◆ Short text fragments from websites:

────────────────────

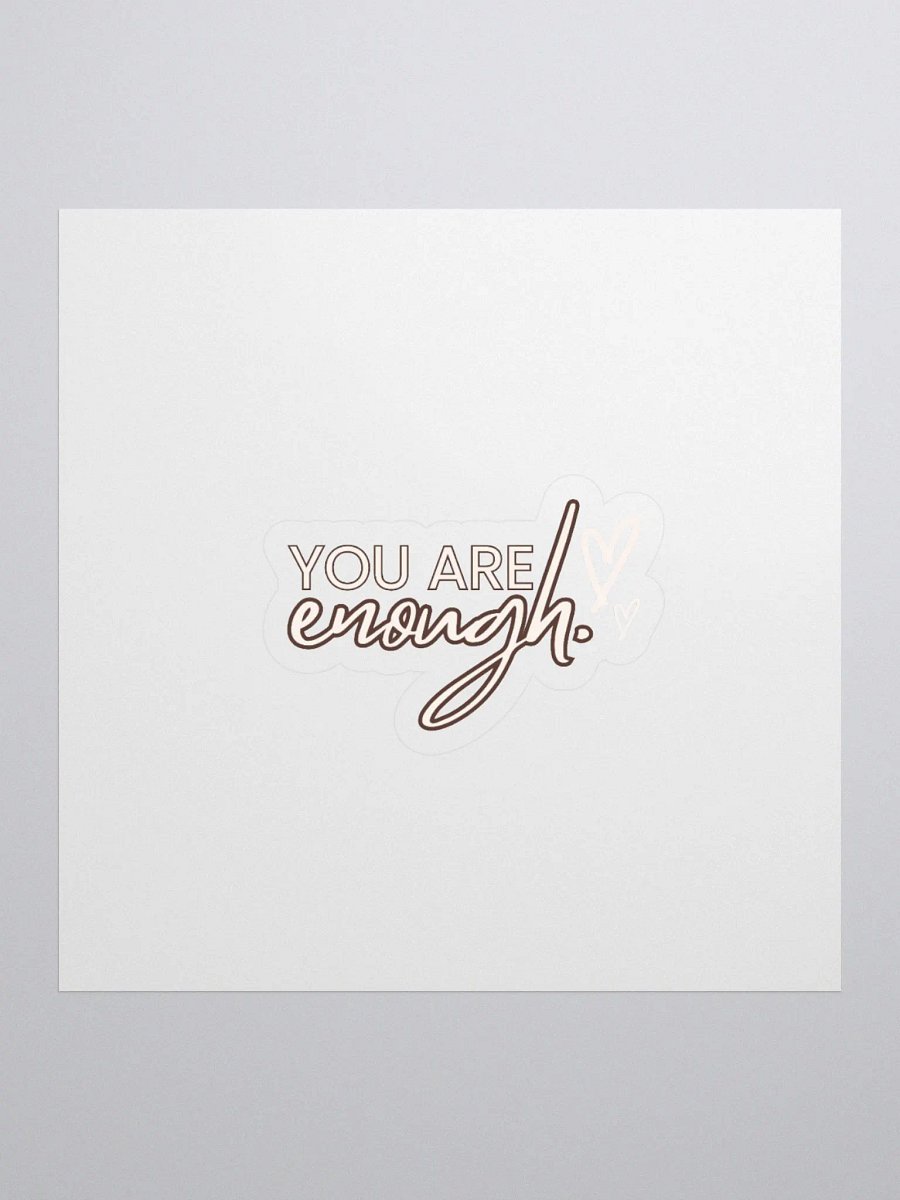Motivation product image (1)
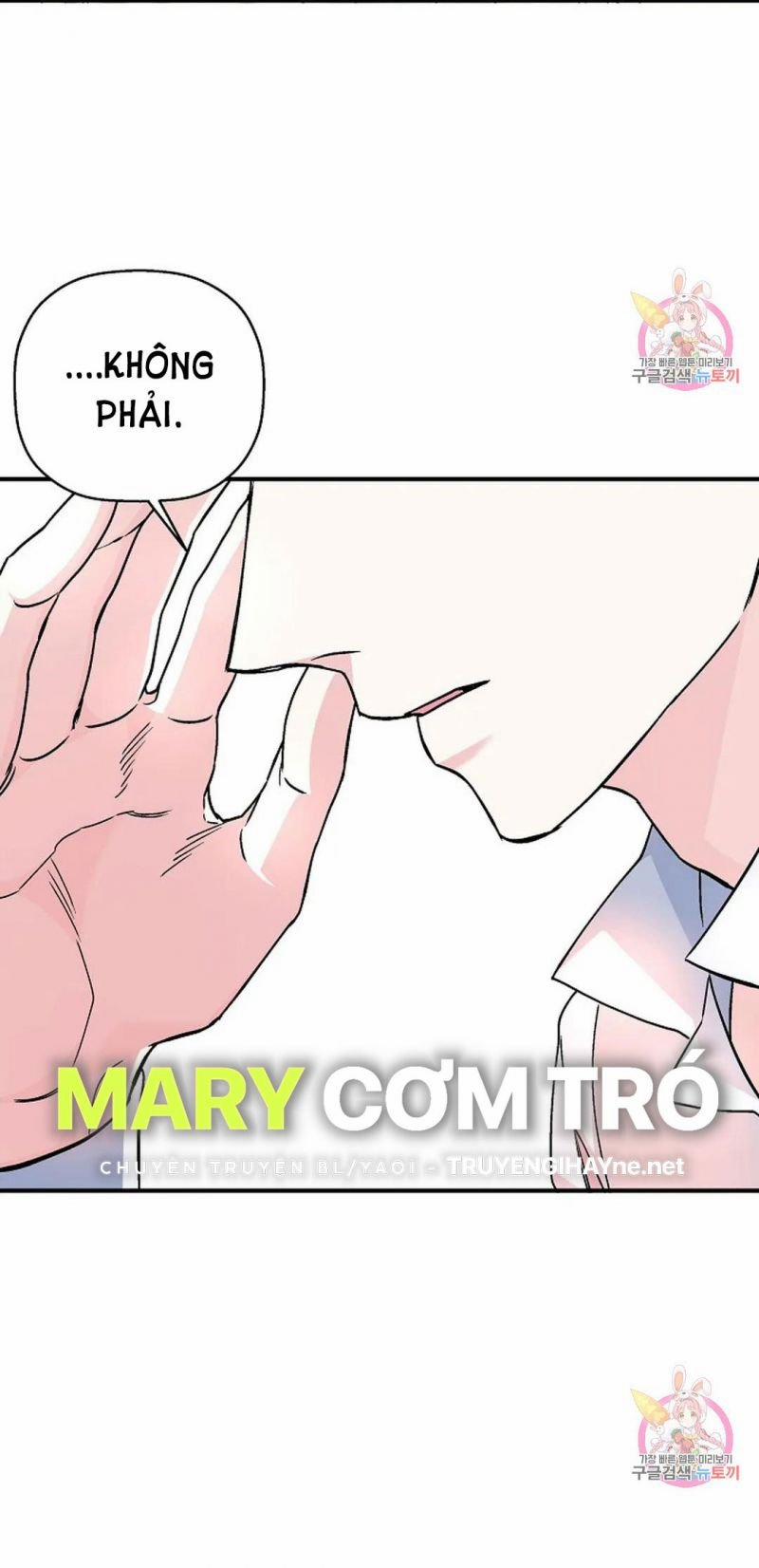 Khế Ước Vĩnh Cửu 53.5 trang 7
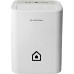 Ariston Deos 16S NET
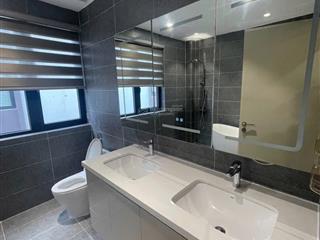 23tr/tháng liền kề phố biển 80m giá tham khảo tốt trong khu vực vinhomes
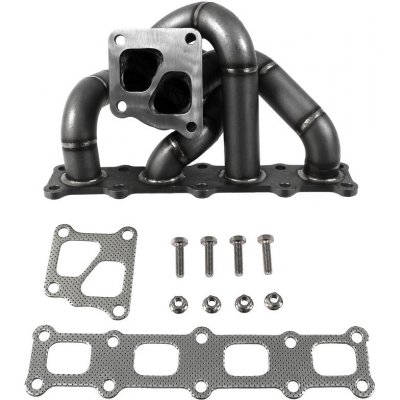 TurboWorkS PPKW133 – Hledejceny.cz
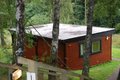 Invermoriston Holiday Chalets logo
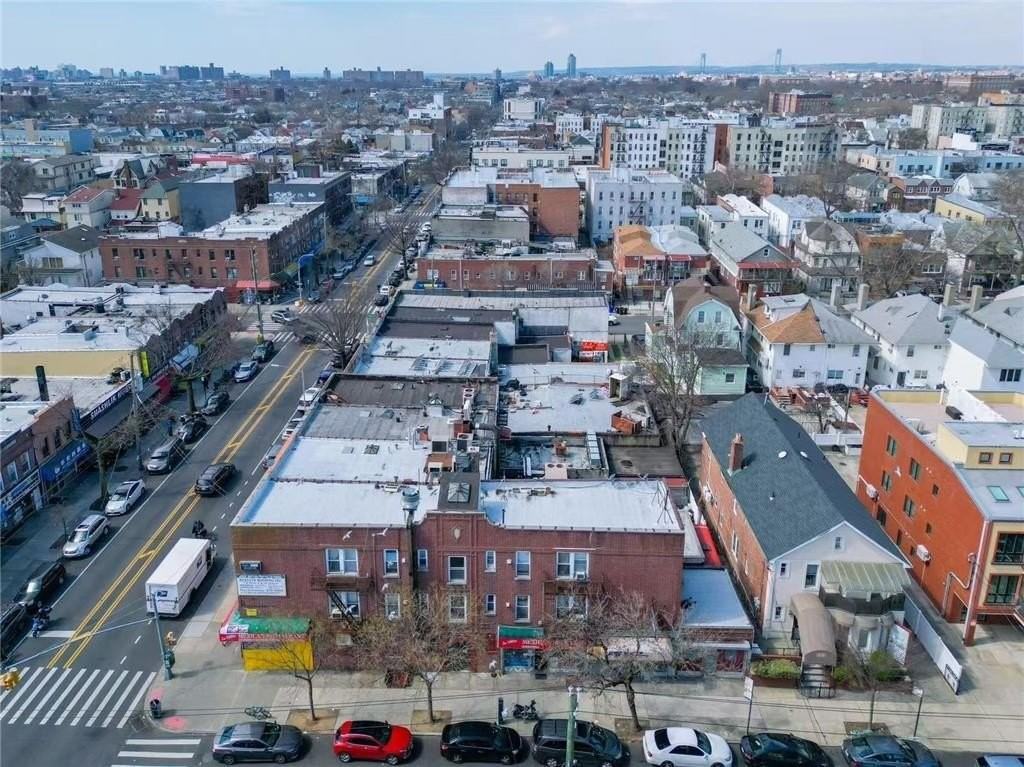 1249 Avenue U - Photo 7 of 7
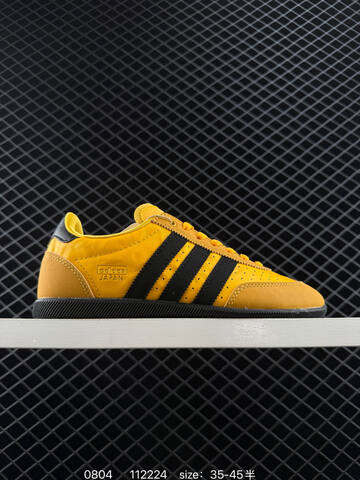 Other Adidas Originals Japan JR7161 36 36 5 37 38 38 5 39 40 40 5 41 4 Lifestyle - Unisex (BS-78059)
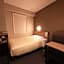 Super Hotel Sano Fujioka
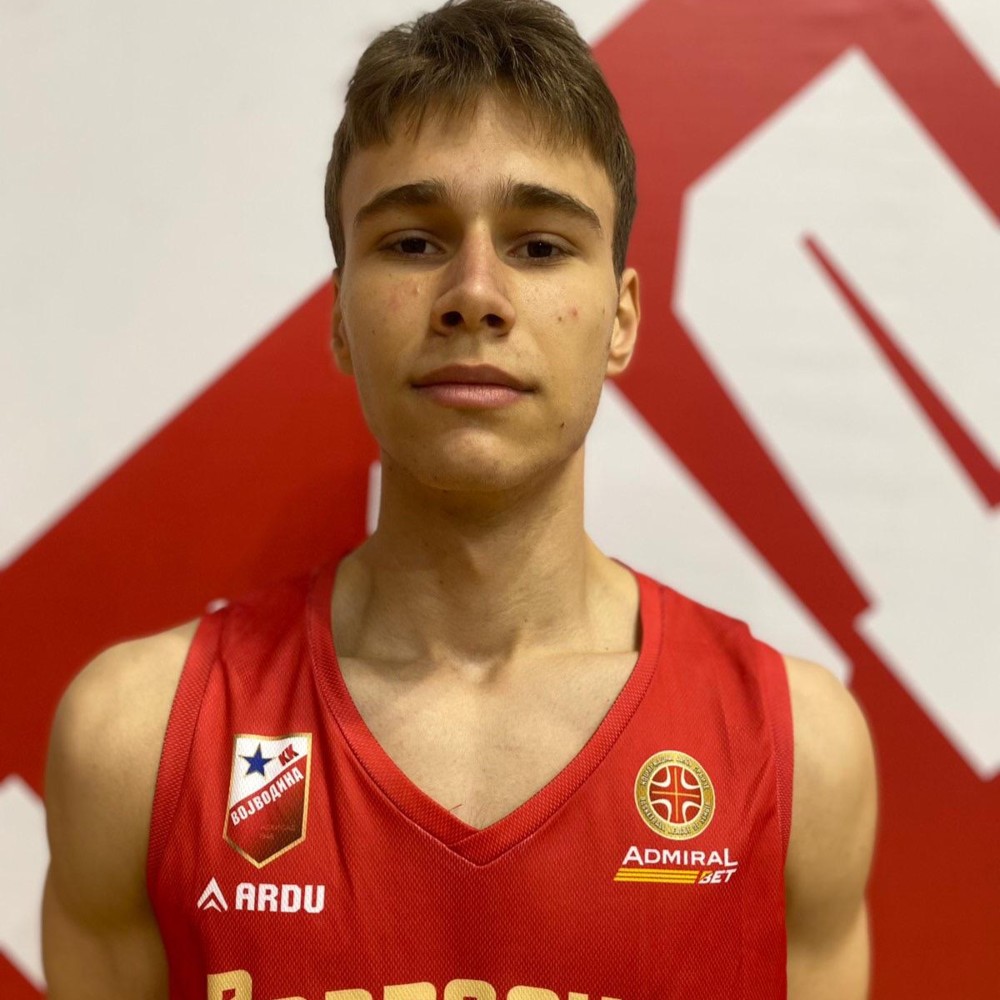 vuckovic_marko_kk_vojvodina_2023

────────────────────

Would you give the records again exactly, dropping the pictures?

Motivation product image (1)
 Khế Ước Vĩnh Cửu 53.5 trang 7
 Ariston Deos 16S NET
 23tr/tháng liền kề phố biển 80m giá tham khảo tốt trong khu vực vinhomes
 TurboWorkS PPKW133 – Hledejceny.cz
 Invermoriston Holiday Chalets logo
 1249 Avenue U - Photo 7 of 7
 Other Adidas Originals Japan JR7161 36 36 5 37 38 38 5 39 40 40 5 41 4 Lifestyle - Unisex (BS-78059)
 Super Hotel Sano Fujioka
 vuckovic_marko_kk_vojvodina_2023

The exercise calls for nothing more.